(Stonebranch) Automating Monitoring & Reviving Agent
Stonebranch agents as of version 6.4 or so do not have good control around the idea of whether they are connected to the controller or not, they do not stop or try to reconnect or restart if they become disconnected. This can be problematic as from your agent's side everything may be appear to be working at first glance but it may not be able to be reached by the controller.
To mitigate this problem the solution is straightforward. A script on the same machine as your agent runs to query the Stonebranch controller API for the environment you are connecting to to see if the controller is reading your agent as actively connected or not. If the response does not read active the script will try and restart your agent to re-initiate the connection.

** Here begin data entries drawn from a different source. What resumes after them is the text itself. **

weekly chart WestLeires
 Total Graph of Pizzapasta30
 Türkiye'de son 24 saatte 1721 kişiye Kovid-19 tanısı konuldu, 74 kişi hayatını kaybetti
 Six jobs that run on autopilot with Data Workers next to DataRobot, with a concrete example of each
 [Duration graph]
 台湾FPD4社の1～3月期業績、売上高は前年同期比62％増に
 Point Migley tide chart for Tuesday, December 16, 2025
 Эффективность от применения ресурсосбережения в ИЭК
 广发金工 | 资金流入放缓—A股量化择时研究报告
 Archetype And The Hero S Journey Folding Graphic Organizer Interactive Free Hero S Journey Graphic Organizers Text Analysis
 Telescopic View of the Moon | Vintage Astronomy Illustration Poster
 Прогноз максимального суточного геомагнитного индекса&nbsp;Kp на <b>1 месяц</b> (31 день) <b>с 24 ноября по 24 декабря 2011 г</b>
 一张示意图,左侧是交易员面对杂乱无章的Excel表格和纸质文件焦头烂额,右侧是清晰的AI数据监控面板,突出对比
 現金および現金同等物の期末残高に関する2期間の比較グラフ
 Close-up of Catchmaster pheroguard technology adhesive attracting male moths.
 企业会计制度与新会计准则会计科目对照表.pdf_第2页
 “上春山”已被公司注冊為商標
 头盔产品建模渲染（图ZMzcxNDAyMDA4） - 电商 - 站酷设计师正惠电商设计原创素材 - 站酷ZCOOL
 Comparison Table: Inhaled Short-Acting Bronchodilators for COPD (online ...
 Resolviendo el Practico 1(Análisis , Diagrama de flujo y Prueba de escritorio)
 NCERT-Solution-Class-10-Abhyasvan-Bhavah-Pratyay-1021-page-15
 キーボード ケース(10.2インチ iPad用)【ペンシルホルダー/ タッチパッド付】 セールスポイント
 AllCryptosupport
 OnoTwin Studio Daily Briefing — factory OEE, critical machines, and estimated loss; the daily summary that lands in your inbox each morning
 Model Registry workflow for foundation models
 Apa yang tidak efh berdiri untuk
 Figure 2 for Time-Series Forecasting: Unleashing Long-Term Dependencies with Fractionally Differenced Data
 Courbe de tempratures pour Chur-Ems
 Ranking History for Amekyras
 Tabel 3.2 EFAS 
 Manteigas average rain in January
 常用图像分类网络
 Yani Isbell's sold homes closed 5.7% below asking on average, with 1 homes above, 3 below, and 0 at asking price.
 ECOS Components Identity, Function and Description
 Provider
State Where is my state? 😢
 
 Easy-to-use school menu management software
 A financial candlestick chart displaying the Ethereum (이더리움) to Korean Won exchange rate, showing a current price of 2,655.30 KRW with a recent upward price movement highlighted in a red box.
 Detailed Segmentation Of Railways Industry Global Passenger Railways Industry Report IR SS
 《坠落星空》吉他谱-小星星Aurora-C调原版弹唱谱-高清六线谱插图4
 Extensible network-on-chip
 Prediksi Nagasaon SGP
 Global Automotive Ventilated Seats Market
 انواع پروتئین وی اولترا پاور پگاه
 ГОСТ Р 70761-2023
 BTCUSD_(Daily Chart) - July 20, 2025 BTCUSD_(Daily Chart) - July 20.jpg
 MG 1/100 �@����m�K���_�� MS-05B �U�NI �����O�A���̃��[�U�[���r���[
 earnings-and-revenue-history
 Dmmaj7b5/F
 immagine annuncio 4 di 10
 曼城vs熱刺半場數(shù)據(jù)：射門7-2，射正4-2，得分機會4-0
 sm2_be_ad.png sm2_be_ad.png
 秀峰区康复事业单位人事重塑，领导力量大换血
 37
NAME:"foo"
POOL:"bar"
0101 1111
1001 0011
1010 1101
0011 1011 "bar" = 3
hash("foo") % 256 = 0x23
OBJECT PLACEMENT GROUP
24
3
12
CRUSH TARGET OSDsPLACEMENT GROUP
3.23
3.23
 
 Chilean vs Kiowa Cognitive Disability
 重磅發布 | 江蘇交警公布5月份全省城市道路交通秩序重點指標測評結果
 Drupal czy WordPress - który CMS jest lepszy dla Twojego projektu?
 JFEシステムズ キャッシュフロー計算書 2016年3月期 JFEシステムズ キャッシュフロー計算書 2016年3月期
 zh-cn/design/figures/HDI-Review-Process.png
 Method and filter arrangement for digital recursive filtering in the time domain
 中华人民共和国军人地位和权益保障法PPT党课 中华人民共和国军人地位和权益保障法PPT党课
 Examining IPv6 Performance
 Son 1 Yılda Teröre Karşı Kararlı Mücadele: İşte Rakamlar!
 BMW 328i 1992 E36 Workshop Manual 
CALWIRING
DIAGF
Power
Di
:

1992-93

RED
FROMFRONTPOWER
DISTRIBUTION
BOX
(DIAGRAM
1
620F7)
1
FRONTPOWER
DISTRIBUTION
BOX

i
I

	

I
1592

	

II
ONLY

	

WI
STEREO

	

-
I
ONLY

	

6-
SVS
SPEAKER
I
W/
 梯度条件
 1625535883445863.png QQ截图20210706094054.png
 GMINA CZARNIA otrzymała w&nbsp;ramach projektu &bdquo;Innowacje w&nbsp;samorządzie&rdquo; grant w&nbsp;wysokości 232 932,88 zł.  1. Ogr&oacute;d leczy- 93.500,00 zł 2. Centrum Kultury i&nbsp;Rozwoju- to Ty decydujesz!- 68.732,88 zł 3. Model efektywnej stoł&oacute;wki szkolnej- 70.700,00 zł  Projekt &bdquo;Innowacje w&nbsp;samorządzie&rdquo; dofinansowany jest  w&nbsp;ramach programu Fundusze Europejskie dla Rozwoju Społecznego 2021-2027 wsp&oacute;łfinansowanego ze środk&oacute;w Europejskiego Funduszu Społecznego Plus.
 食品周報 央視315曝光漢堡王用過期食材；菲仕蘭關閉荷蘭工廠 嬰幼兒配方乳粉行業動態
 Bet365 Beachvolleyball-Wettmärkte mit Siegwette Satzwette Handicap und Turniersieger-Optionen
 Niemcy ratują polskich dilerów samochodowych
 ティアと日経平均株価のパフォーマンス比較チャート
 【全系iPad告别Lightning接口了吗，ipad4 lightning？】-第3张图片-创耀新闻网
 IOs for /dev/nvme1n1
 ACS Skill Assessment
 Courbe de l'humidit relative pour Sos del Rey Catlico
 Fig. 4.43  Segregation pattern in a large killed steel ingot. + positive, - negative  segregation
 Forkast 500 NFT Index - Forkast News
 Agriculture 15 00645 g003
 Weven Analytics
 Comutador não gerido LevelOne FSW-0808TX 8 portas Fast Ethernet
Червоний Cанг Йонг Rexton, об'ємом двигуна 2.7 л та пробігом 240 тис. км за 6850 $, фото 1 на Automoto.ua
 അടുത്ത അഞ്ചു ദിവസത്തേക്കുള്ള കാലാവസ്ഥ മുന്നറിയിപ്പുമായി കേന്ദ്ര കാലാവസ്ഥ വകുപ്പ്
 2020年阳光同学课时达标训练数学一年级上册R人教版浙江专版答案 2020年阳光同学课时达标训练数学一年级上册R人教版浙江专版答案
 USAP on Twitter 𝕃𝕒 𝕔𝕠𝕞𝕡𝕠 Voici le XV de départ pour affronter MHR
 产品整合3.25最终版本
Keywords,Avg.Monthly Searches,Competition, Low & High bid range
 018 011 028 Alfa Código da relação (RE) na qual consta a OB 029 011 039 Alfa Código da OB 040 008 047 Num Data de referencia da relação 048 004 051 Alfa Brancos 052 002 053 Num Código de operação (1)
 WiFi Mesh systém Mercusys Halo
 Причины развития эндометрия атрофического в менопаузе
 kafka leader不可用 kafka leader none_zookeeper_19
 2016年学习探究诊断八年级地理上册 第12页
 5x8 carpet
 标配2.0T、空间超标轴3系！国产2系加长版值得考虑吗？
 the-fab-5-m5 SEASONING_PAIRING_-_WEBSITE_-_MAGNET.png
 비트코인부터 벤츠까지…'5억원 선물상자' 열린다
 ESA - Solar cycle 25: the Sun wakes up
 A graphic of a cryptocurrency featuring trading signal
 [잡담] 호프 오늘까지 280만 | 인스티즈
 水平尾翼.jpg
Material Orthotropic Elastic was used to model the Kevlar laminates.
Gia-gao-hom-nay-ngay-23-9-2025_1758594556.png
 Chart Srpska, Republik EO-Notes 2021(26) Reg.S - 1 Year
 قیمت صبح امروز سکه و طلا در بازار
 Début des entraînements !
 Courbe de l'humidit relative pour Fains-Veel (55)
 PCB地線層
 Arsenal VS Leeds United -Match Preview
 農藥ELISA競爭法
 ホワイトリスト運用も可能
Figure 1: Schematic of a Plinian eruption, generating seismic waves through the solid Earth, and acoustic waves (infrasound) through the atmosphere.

A very simple monitor and revive for RHEL 7 boxs:
- Request a service account for stonebranch at: firstname.lastname@example.org
- Download https://github.austin.utexas.edu/eis1-mca/stonebranch/blob/master/playbooks/files/checkagent.sh
The script is set up for if you have three agents on a single box. If you only have one remove the environments that aren't applicable. Fill in the agent names and your service account and password on the script.
- Save this file on the machine with your agent in '/usr/local/bin/' as 'checkagent.sh' with executable permissions (700)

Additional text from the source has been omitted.